Zoltek is a Missouri corporation that manufactures and sells carbon fiber. SP are British corporations that manufacture a strong, light-weight building material produced using carbon fiber called "prepreg." Prepreg is made by weaving carbon fiber into textile-like sheets and then impregnating the sheets with liquid resin. The prepreg sheets are then sold to builders who can mold them into different shapes for a variety of applications. Used in this way, prepreg is a common substitute for fiberglass. One common application for prepreg is the manufacture of wind energy turbine blades.

The parties entered into a Supply Agreement in November 2000. Under the disputed agreement, Zoltek promised to manufacture and sell to SP all of SP's requirements between November 6, 2000, and December 31, 2010, for "Large Filament Count Carbon Fibers (Carbon Fibers) as defined by PANEX 33 specifications," at "then-current market price." SP, in turn, promised to "obtain their total requirements for suitable quality, in the reasonable opinion of [SP], Carbon Fibers from [Zoltek]," the volume not to exceed "the amount actually purchased by [SP] in the preceding Contract Year plus one million (1,000,000) pounds." "Large Filament Count," or large-tow carbon fiber, contains 48,000 or more filaments per bundle. "Small-tow" carbon fiber, by contrast, contains fewer than 48,000 filaments per bundle, commonly 24,000 or fewer filaments per bundle.
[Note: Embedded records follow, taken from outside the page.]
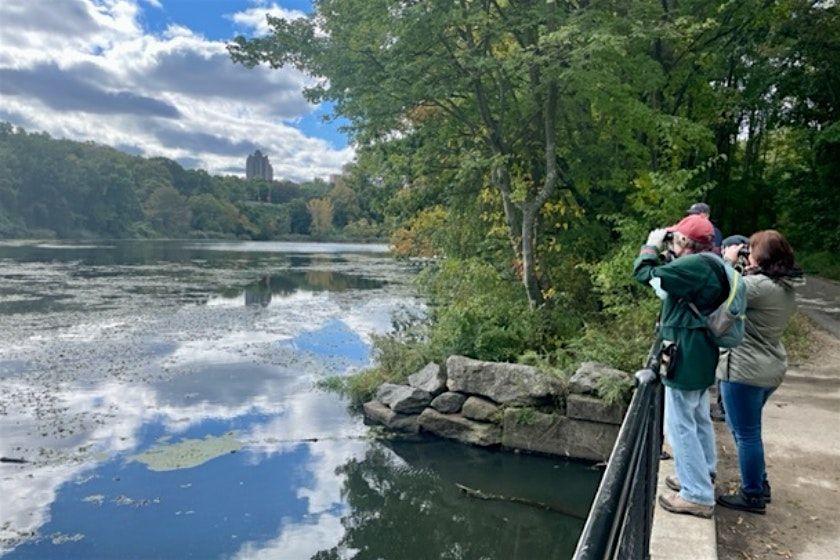 Birding with NYC Bird Alliance (formerly NYC Audubon)
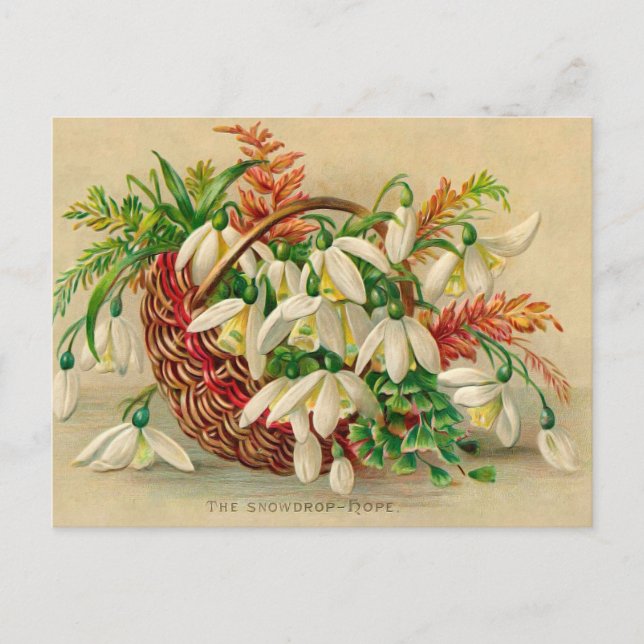 Gorgeous Victorian Floral Basket of Snowdrops Postcard (Front)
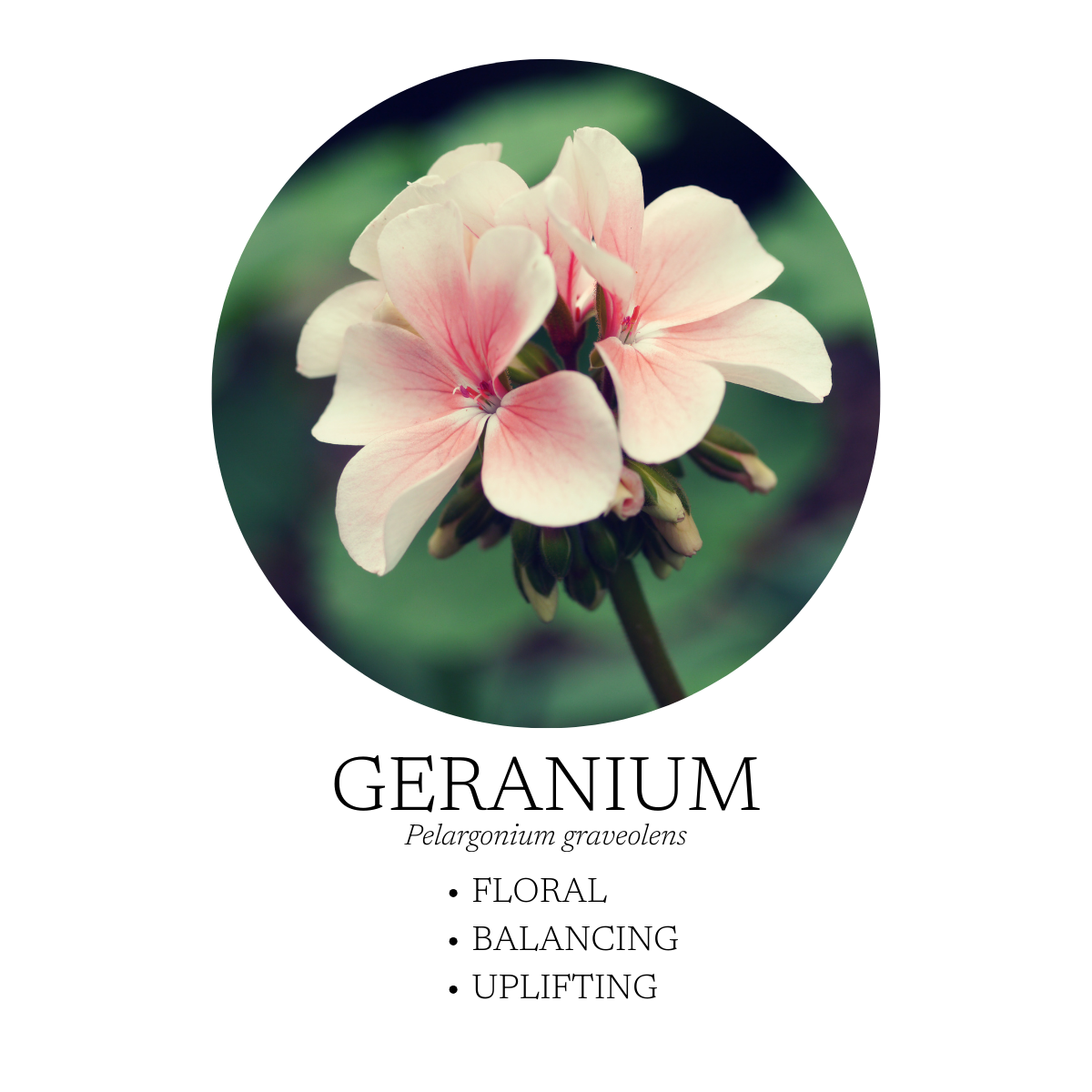 Geranium flower, with pale pink petals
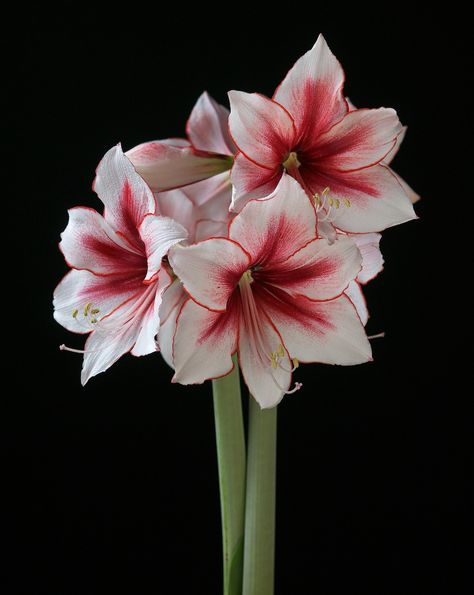 Temptation Flora, Floral, Amaryllis Bulbs, Amaryllis Plant, Amaryllis Flowers, Amaryllis, Single Flower, Lily Flower, Lilly Flower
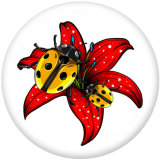 Painted metal 20mm snap buttons  Dragonfly   Flower  Deer  DIY jewelry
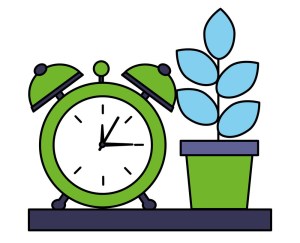 potted plant and clock alarm on shelf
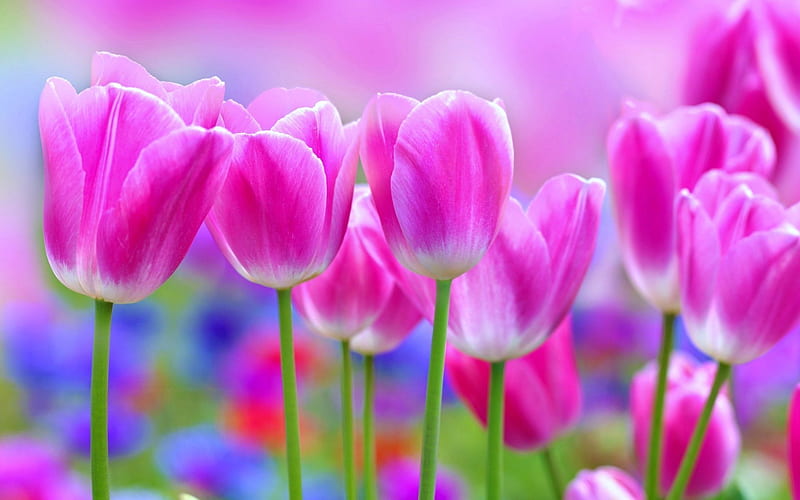 pink tulips, flowers, blur, buds, HD wallpaper
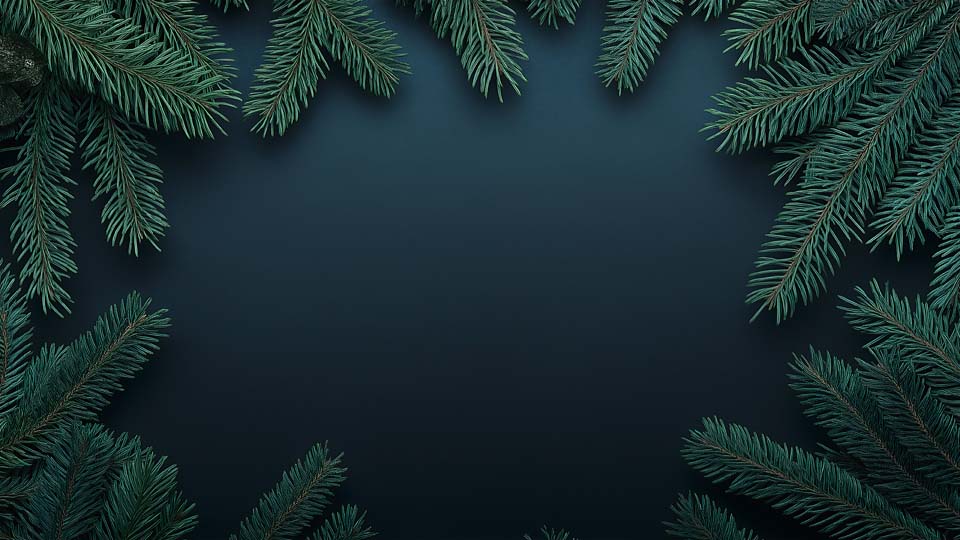 Dark blue background with green pine branches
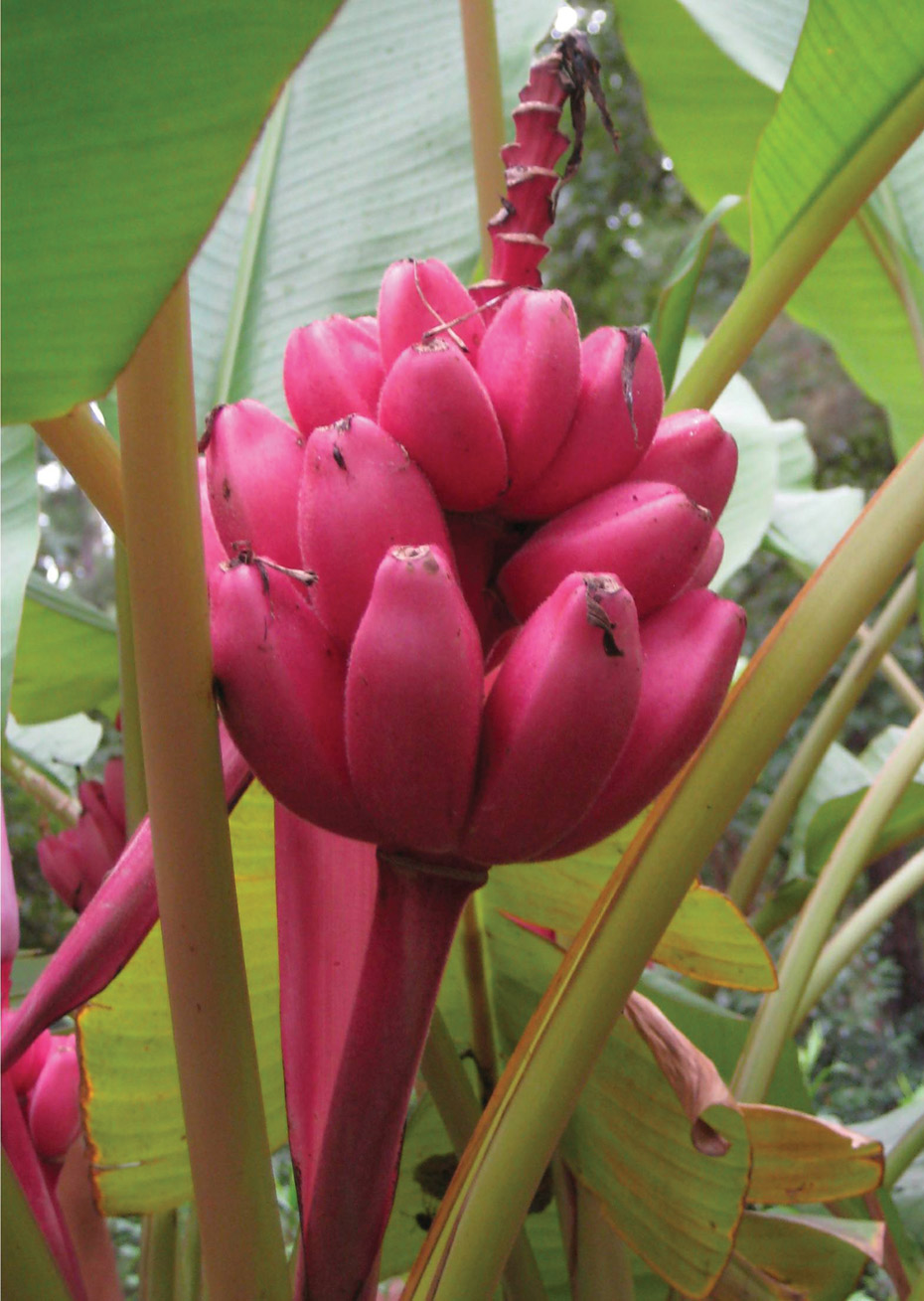 pinkbananas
Small-tow is more expensive to produce, but superior in quality.

When the Supply Agreement was formed, most manufacturers used small-tow carbon fiber. The purpose of the agreement was to develop a new market for large-tow fiber as a less expensive alternative to small-tow fiber in the wind-energy industry.

Before April 2002, Zoltek produced a large-tow carbon fiber product called Panex 33. SP purchased 28,219.17 and 20,943.91 pounds of Panex 33 from Zoltek under the Supply Agreement in 2000 and 2001, respectively. SP placed an order for 1,763.70 pounds of Panex 33 in 2002, but returned it due to alleged quality defects. In April 2002, Zoltek stopped manufacturing Panex 33, and started making a large-tow carbon fiber product called Panex 35. SP ordered no Panex 33 or 35 in 2003. SP ordered and received 548,935 pounds of Panex 35 in 2004.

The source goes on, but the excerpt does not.